Philip A. Payton Jr. & The Afro-American Realty Company

“The Father of Harlem” - A real estate magnate who turned Harlem into a black mecca.

Born on Feb. 27, 1876, in Westfield, Mass., Phillip A. Payton Jr. dropped out of college and went to work in his father’s barber shop, along with his two brothers. While Payton’s two brothers graduated from Yale and their sister earned a college degree at what would become Westfield State University, his ambitions took him in 1899 to New York City, where he worked as a barber before getting a job as a janitor in a Manhattan real estate office.

Philip A. Payton Jr., who is now known as the “father of Harlem.” He steered black residents uptown, making it the nexus of a community whose cultural output helped shape 20th-century America. Schomburg Center for Research in Black Culture, The New York Public Library

Shortly after he married, Payton opened a Midtown real estate office with a partner in the fall of 1900. When the business flopped after a few months, he struck out on his own, sustained by the sewing work of his wife, Maggie. The couple moved to Harlem, where there was a high vacancy rate in the many new brownstone buildings.
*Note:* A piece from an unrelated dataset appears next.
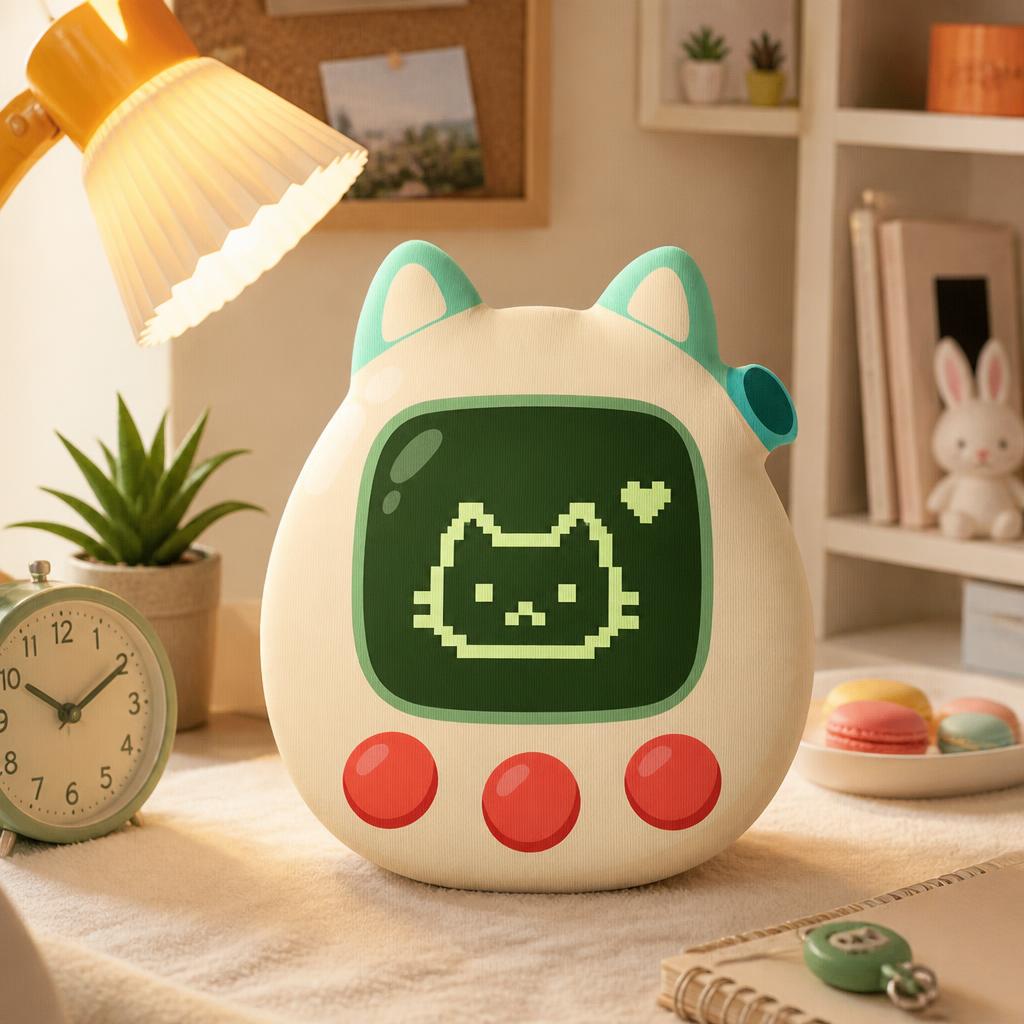 Retro Gaming Gift Ideas - Retro Virtuelles Haustier-Ei-Wurfkissen Pixel-Katze Gaming-Kissen Unregelmäßiges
White landlords found an answer to their financial woes in black tenants.

With ads that read, “COLORED TENEMENTS WANTED/Colored man makes a specialty of managing colored tenements,” Payton positioned himself to guide black tenants from Midtown to new homes.

Soon Payton became a building owner himself. And by 1904, the year the subway reached Harlem, he incorporated the Afro-American Realty Company to help remake Harlem as a home for black citizens who faced discrimination in housing.